Exercise description>
From the listing below, output the lines between the one with "Paper art of" and the one with "15, FOSTER CLARKE", including those two, and nothing else. Pictures are not copied.

Material for the task>
..............................

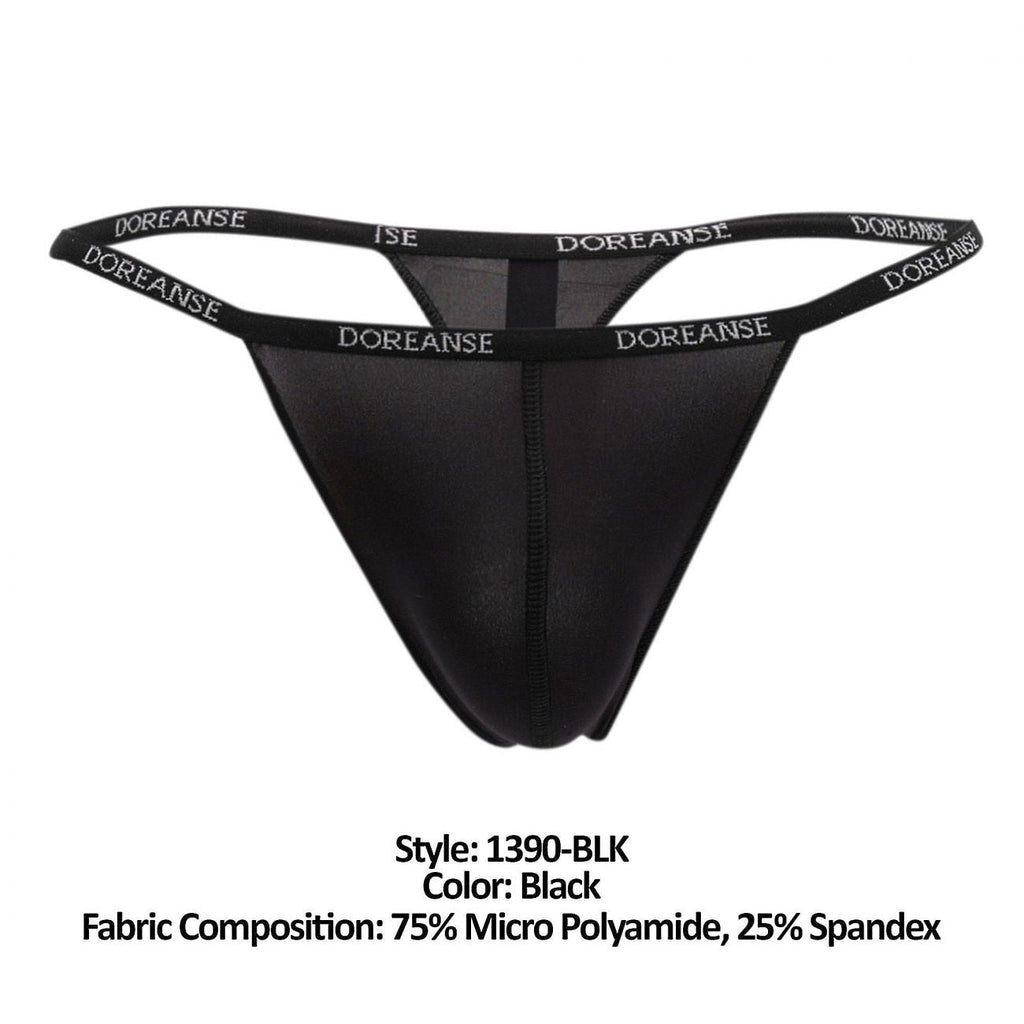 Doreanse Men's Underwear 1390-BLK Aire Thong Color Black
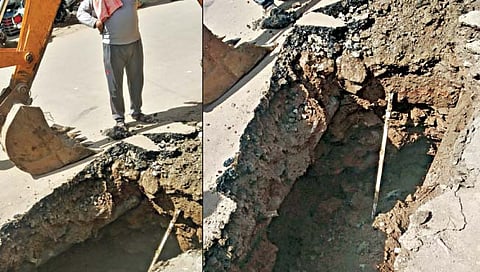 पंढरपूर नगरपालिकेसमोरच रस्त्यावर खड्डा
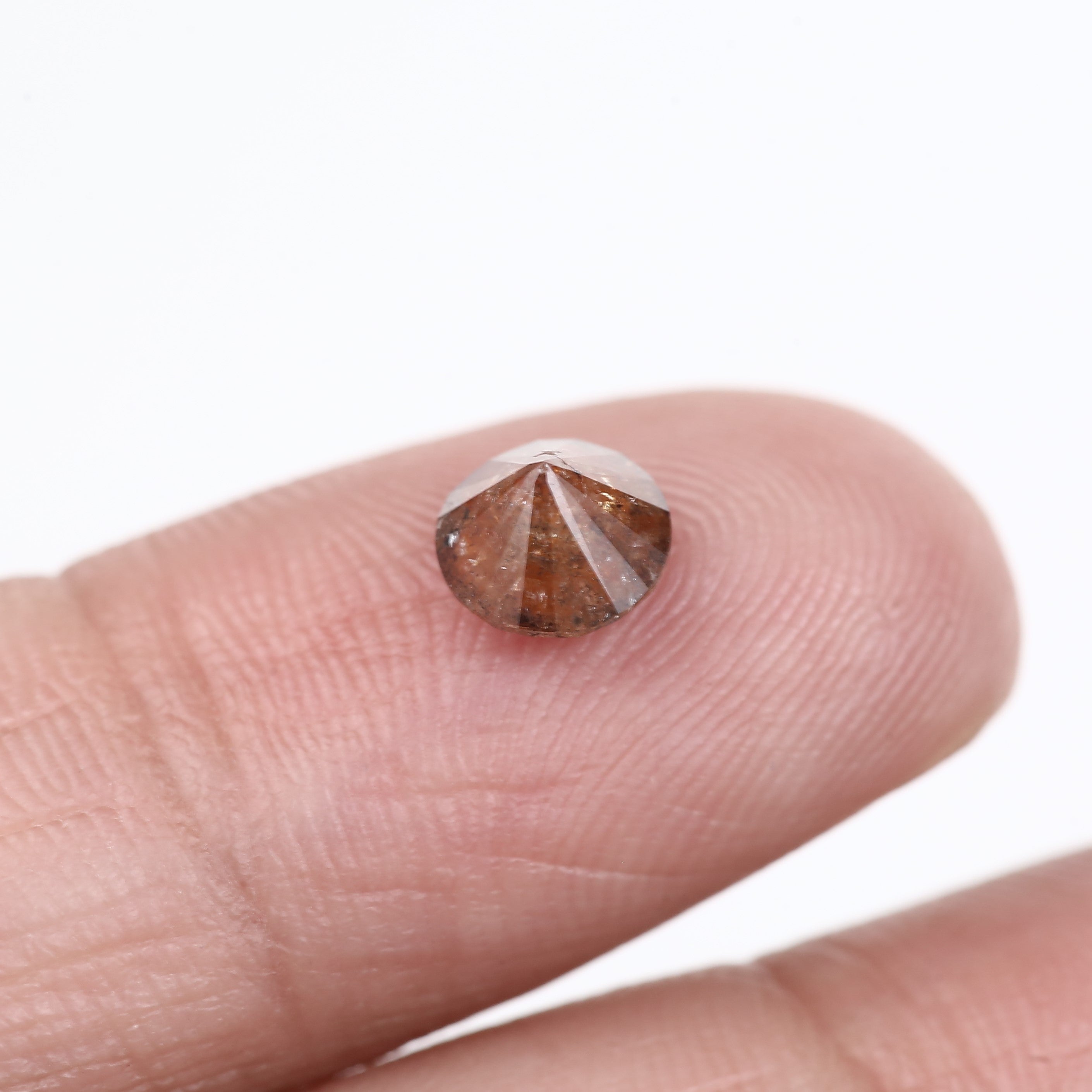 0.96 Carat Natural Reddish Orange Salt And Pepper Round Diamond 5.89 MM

..............................

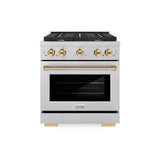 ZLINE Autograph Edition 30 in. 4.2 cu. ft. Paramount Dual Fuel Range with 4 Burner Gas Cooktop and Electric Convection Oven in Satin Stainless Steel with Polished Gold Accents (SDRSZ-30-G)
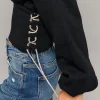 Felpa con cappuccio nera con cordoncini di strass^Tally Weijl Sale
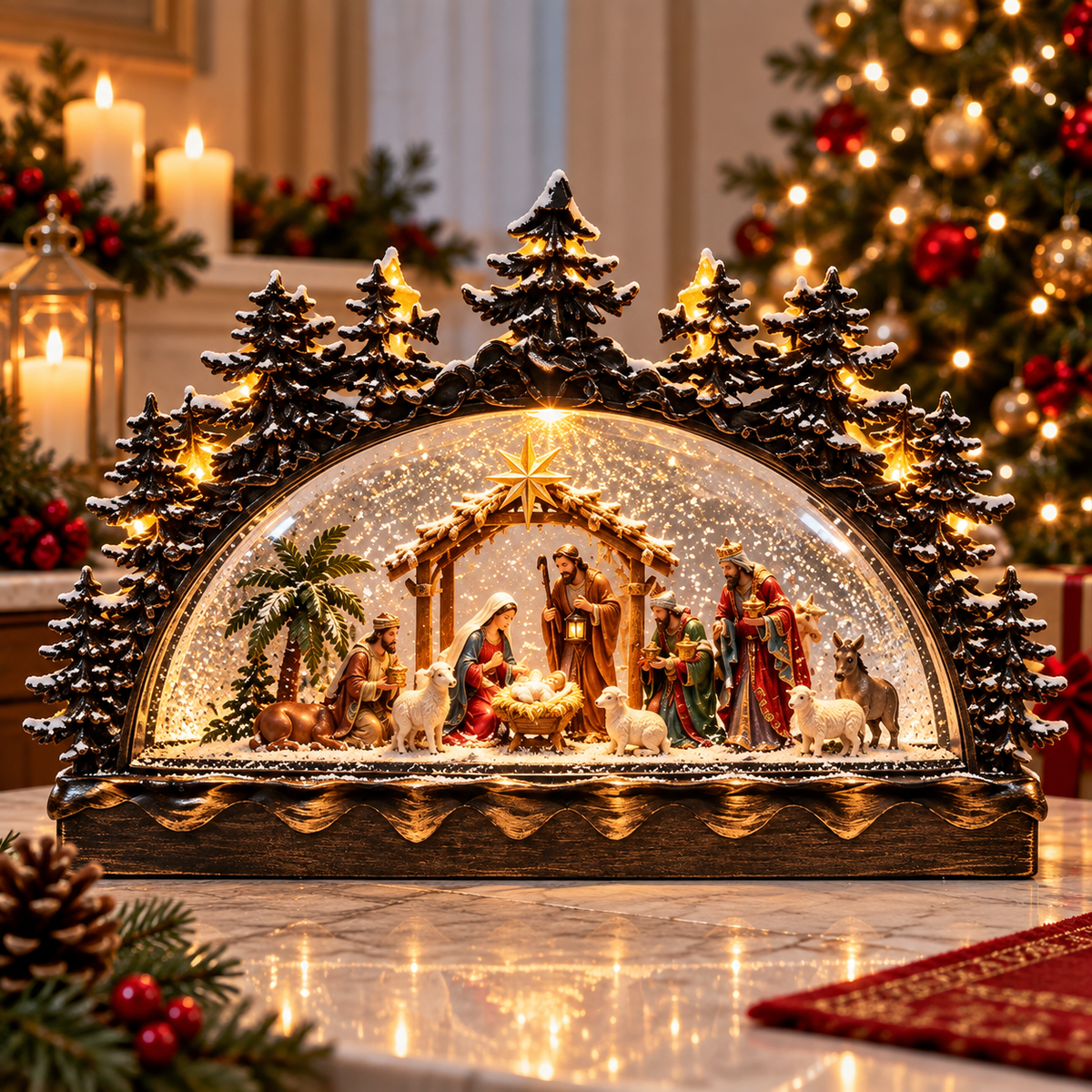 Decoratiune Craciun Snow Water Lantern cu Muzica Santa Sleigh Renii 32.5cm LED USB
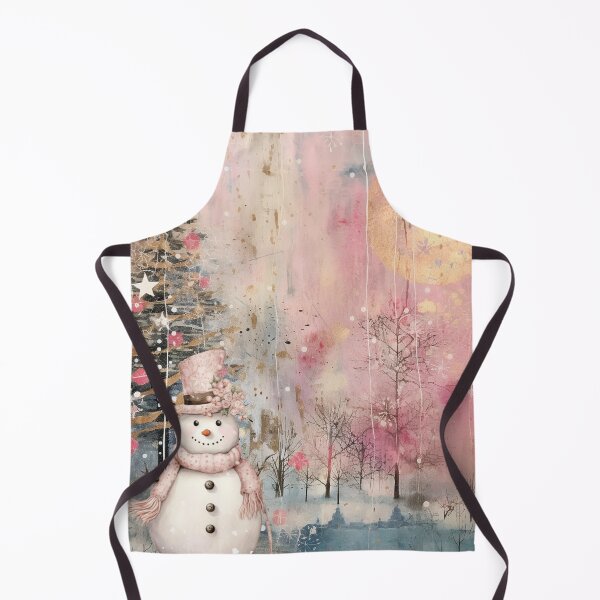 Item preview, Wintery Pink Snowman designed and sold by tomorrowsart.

..............................

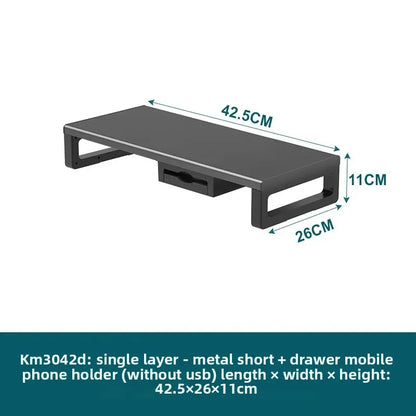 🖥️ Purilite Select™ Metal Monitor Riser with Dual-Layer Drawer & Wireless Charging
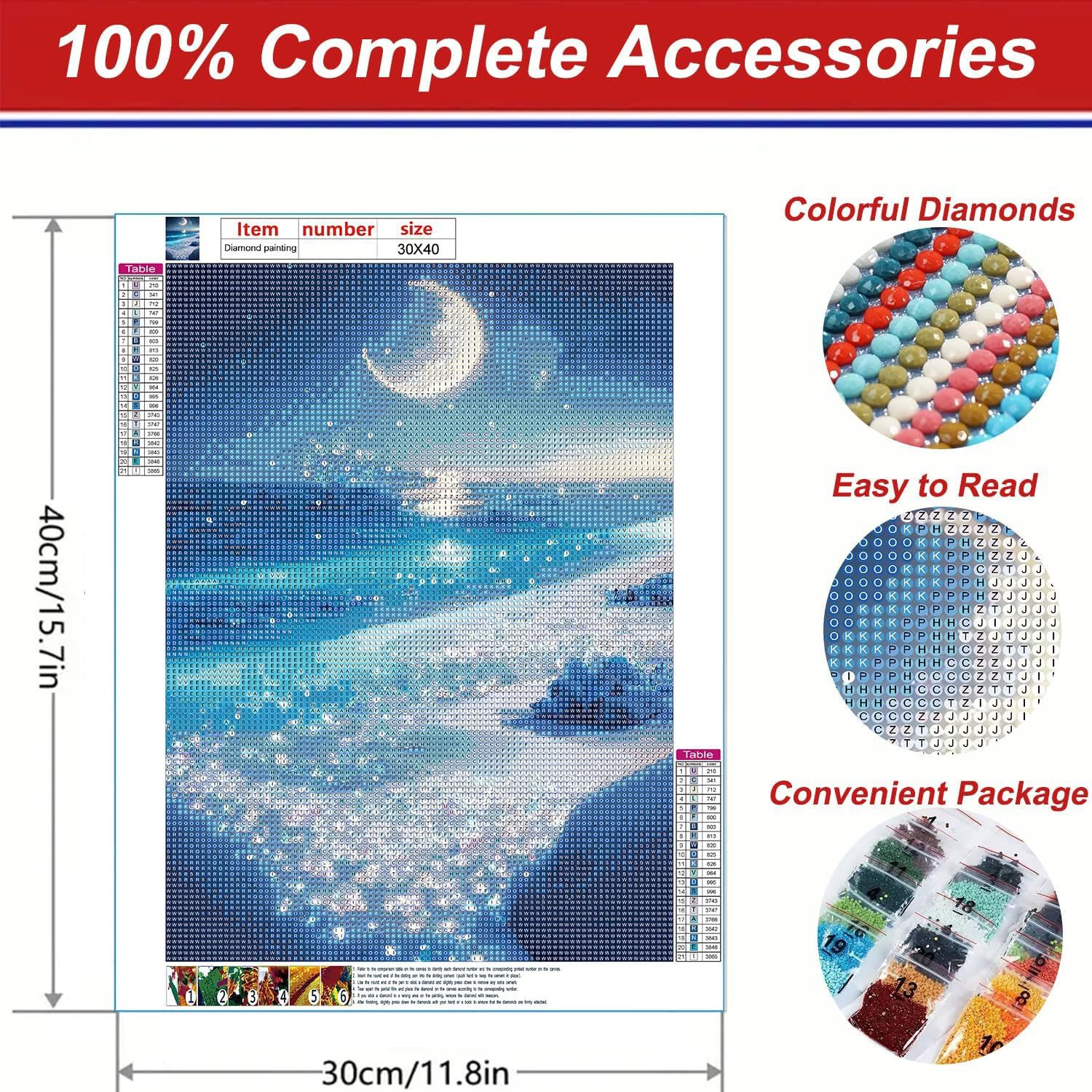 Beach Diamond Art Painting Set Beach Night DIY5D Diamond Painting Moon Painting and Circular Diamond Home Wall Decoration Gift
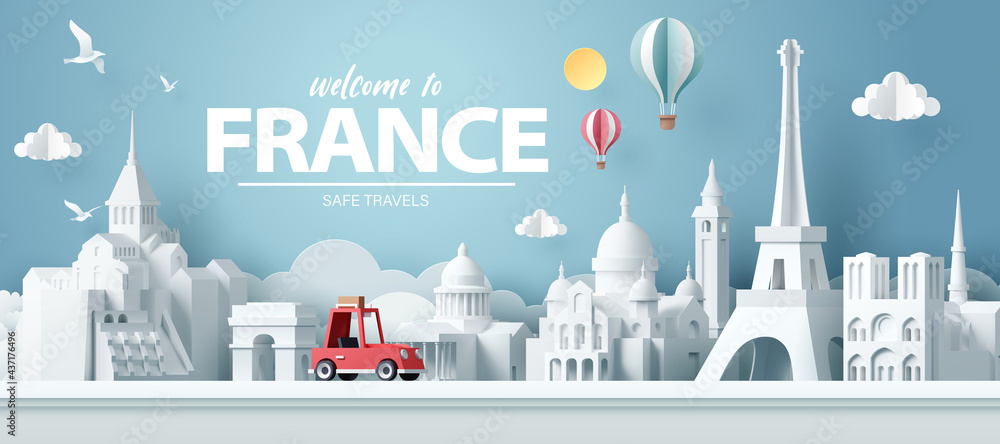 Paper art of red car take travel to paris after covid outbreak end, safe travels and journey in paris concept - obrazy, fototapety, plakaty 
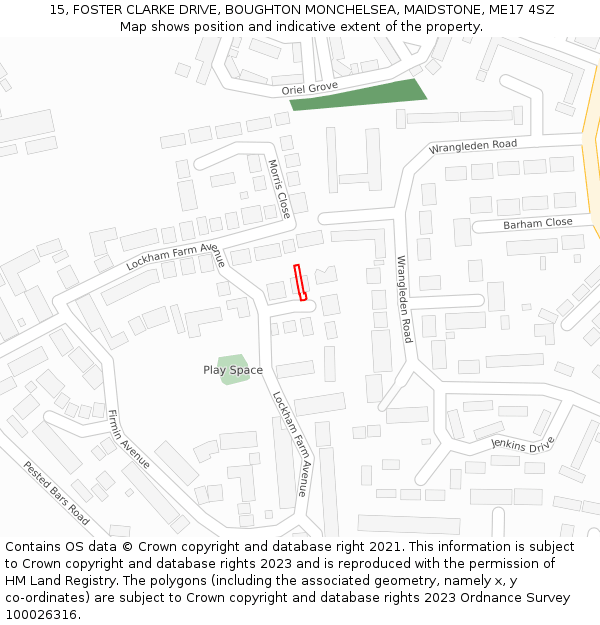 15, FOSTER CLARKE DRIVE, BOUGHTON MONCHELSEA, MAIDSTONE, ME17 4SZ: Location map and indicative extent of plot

..............................

Task solution>
 Paper art of red car take travel to paris after covid outbreak end, safe travels and journey in paris concept - obrazy, fototapety, plakaty 
 15, FOSTER CLARKE DRIVE, BOUGHTON MONCHELSEA, MAIDSTONE, ME17 4SZ: Location map and indicative extent of plot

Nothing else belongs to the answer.